In this exercise, print only the lines of the records below from the one with "Small Louis XV" through the one with "Tappeto per bambini", inclusive. Pictures are not part of the copy.
[Extracted material]
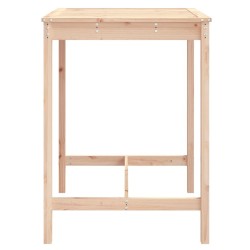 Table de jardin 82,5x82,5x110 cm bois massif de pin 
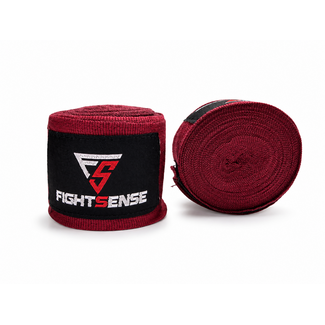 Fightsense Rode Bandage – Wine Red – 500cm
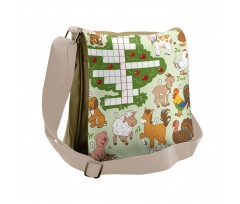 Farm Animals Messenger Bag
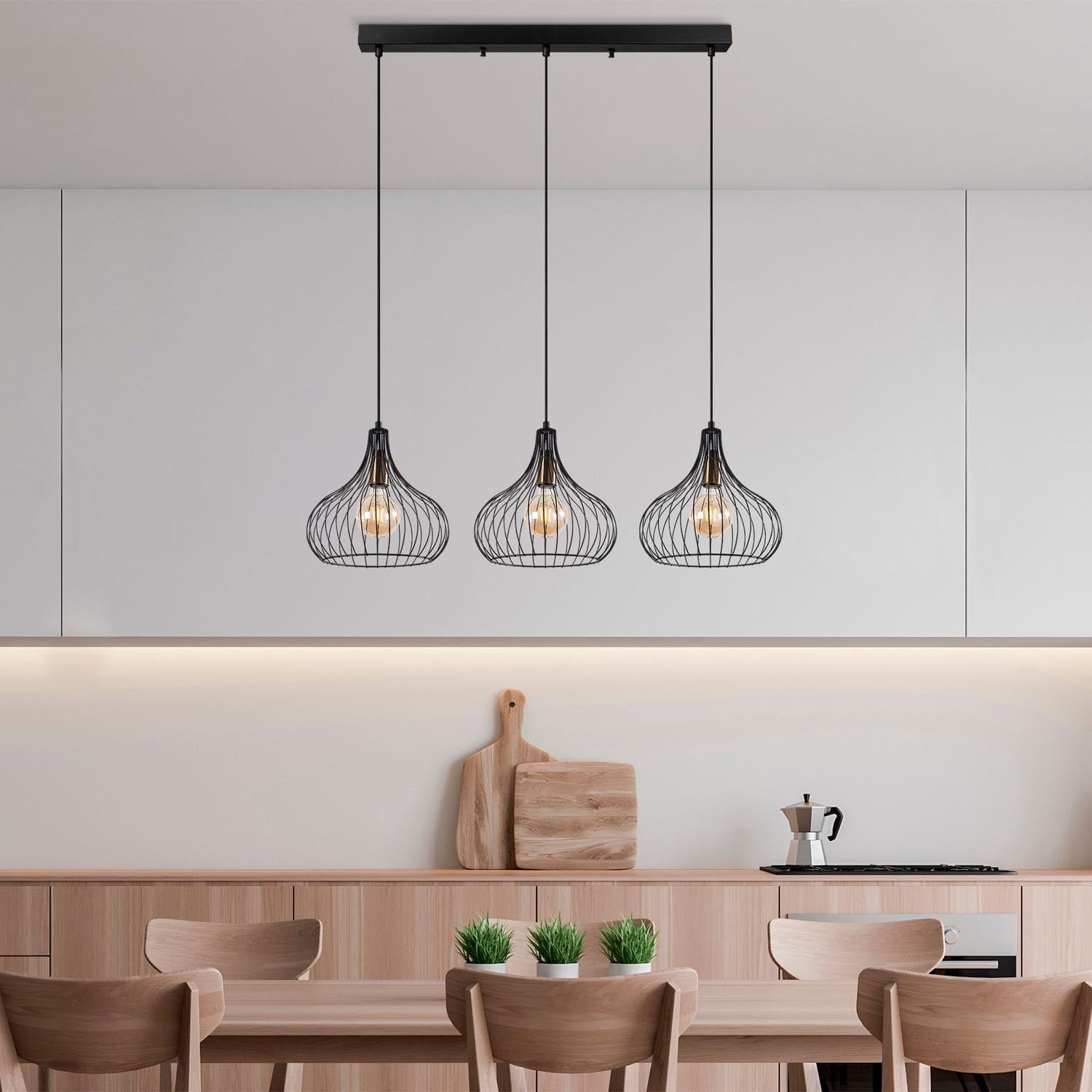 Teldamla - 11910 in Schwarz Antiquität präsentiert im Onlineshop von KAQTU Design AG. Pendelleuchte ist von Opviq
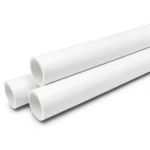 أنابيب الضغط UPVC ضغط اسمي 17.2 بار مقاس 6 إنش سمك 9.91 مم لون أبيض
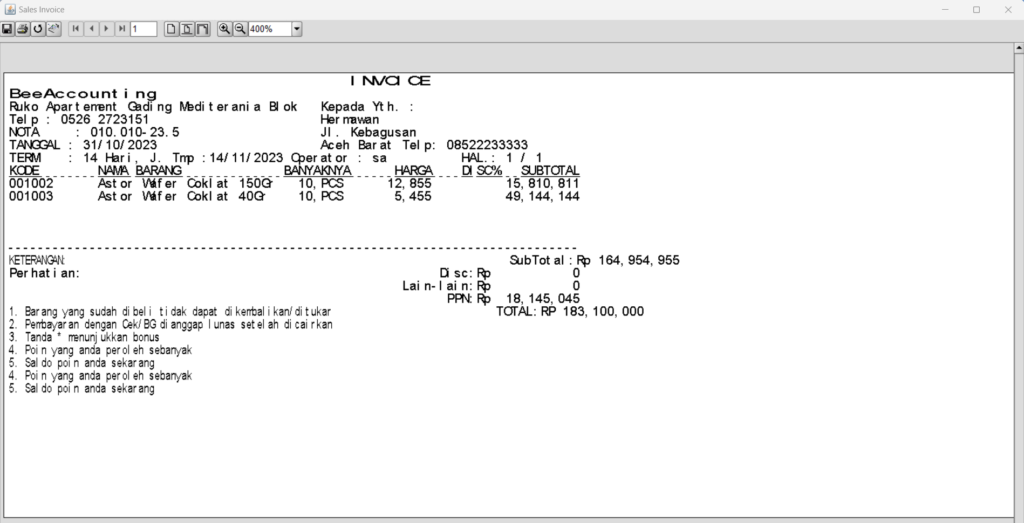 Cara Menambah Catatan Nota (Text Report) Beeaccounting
[/Extracted material]
[Extracted material]
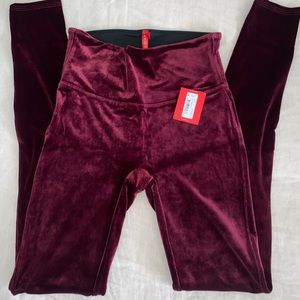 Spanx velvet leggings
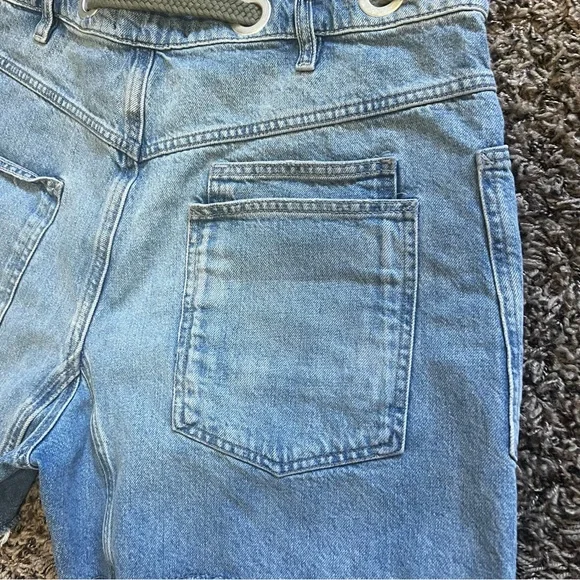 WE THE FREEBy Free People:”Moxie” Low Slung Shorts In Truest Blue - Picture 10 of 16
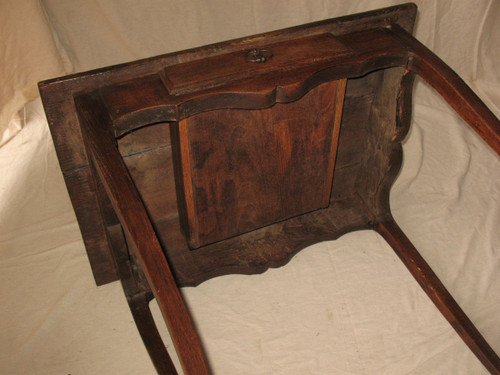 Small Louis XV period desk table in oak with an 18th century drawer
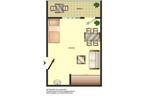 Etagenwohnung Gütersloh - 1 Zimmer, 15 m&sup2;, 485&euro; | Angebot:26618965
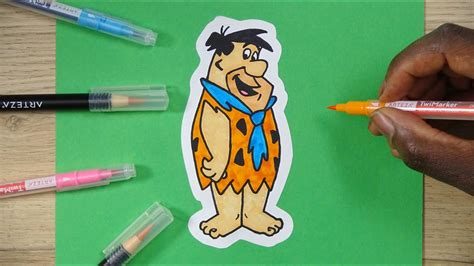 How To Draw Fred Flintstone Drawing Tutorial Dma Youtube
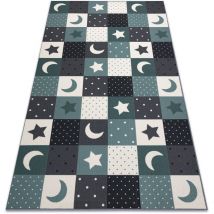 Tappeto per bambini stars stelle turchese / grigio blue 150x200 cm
[/Extracted material]
[Extracted material]
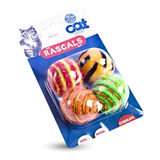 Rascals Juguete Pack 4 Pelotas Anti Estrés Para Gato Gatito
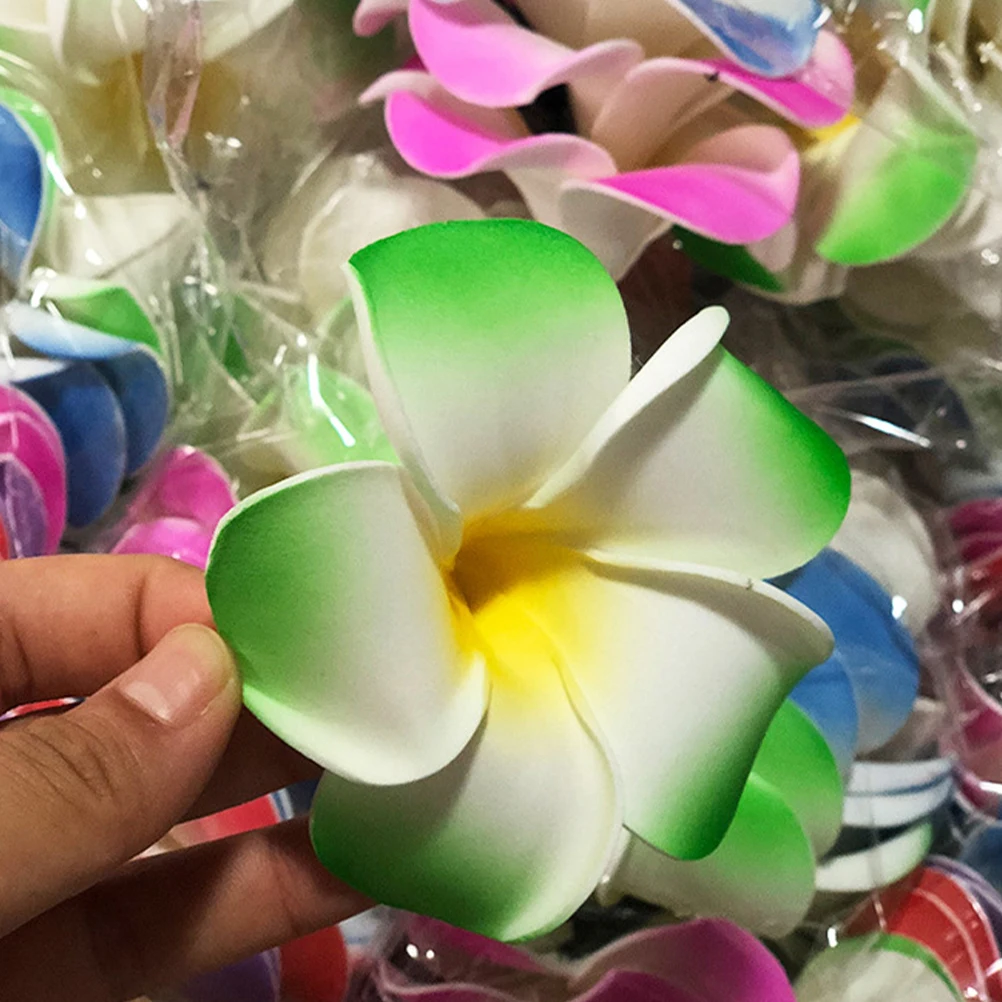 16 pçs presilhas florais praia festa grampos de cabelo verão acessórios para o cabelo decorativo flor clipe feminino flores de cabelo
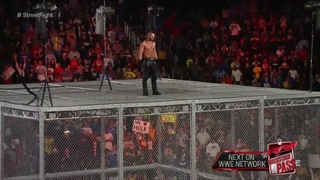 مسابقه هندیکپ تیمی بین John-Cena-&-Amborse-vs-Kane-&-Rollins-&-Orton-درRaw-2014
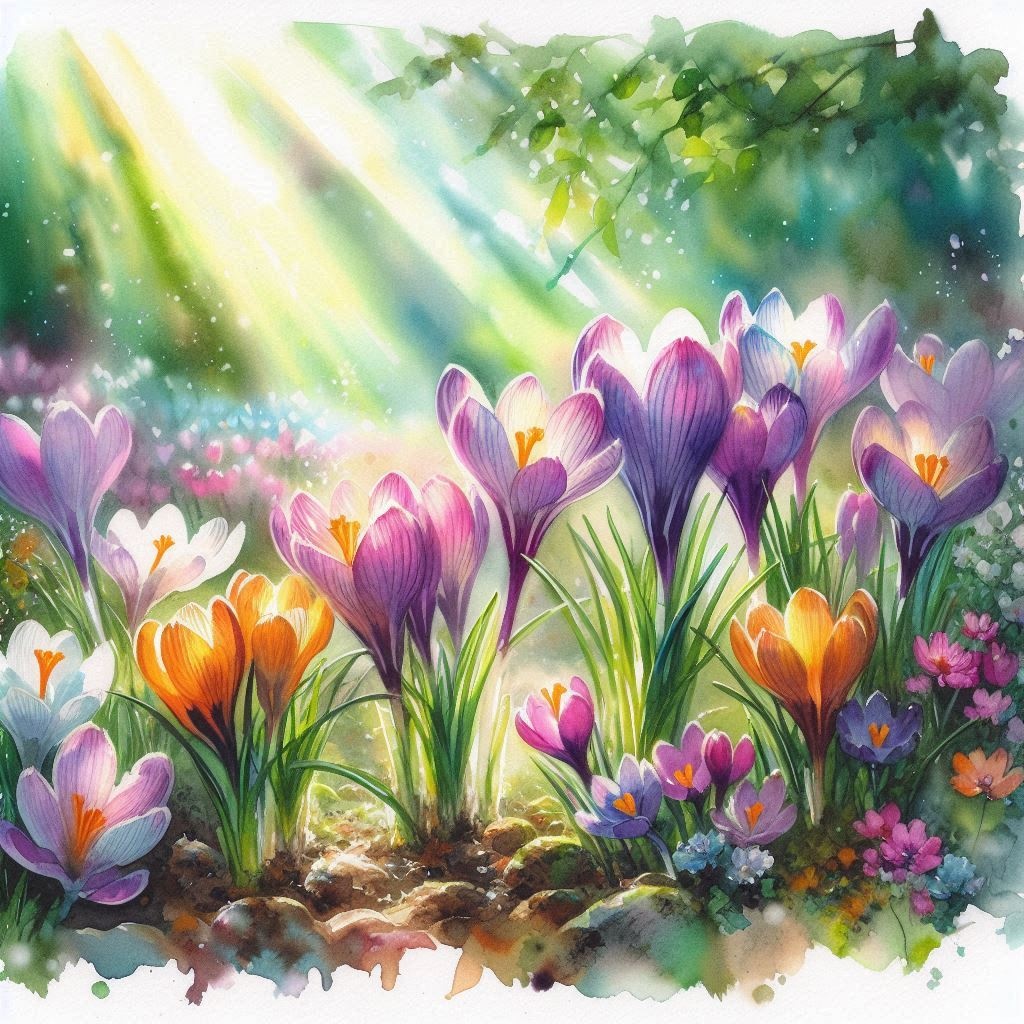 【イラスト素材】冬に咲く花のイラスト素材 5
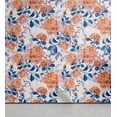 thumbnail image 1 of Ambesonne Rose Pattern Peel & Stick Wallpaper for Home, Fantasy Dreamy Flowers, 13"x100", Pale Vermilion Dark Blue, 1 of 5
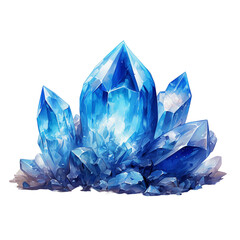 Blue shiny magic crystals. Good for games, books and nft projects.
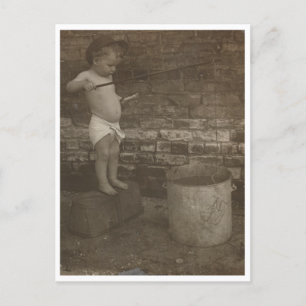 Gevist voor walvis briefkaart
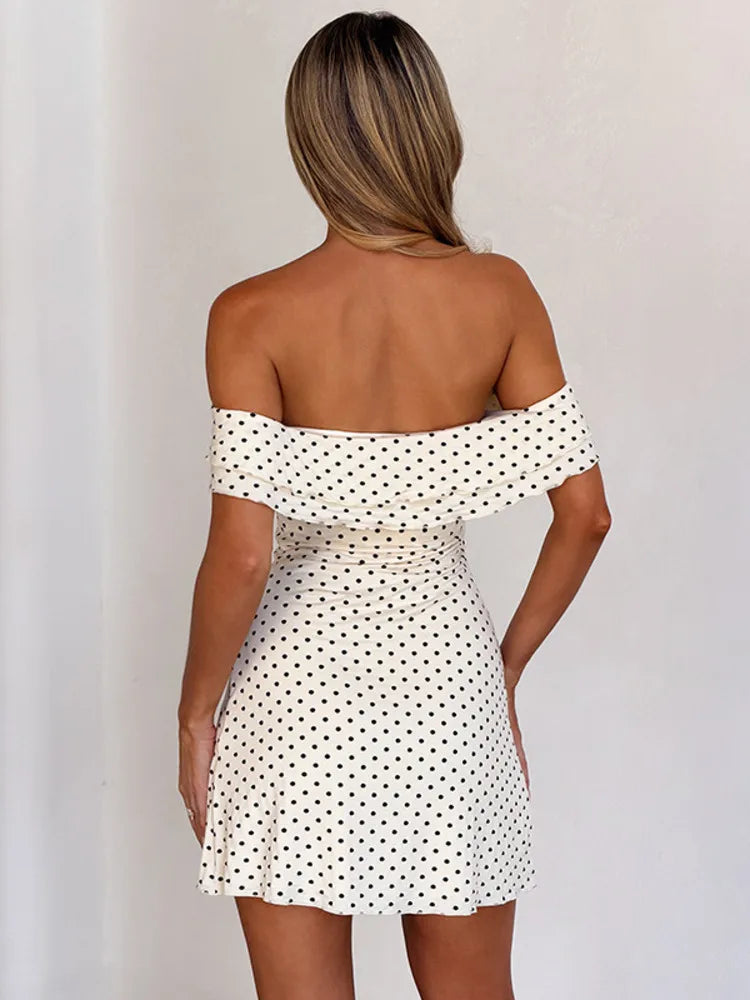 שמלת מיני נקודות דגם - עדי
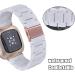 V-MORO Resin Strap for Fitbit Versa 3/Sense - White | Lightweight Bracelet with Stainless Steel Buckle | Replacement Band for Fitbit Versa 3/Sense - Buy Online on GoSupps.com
[/Extracted material]
Final answer:
 Small Louis XV period desk table in oak with an 18th century drawer
 Etagenwohnung Gütersloh - 1 Zimmer, 15 m&sup2;, 485&euro; | Angebot:26618965
 How To Draw Fred Flintstone Drawing Tutorial Dma Youtube
 Tappeto per bambini stars stelle turchese / grigio blue 150x200 cm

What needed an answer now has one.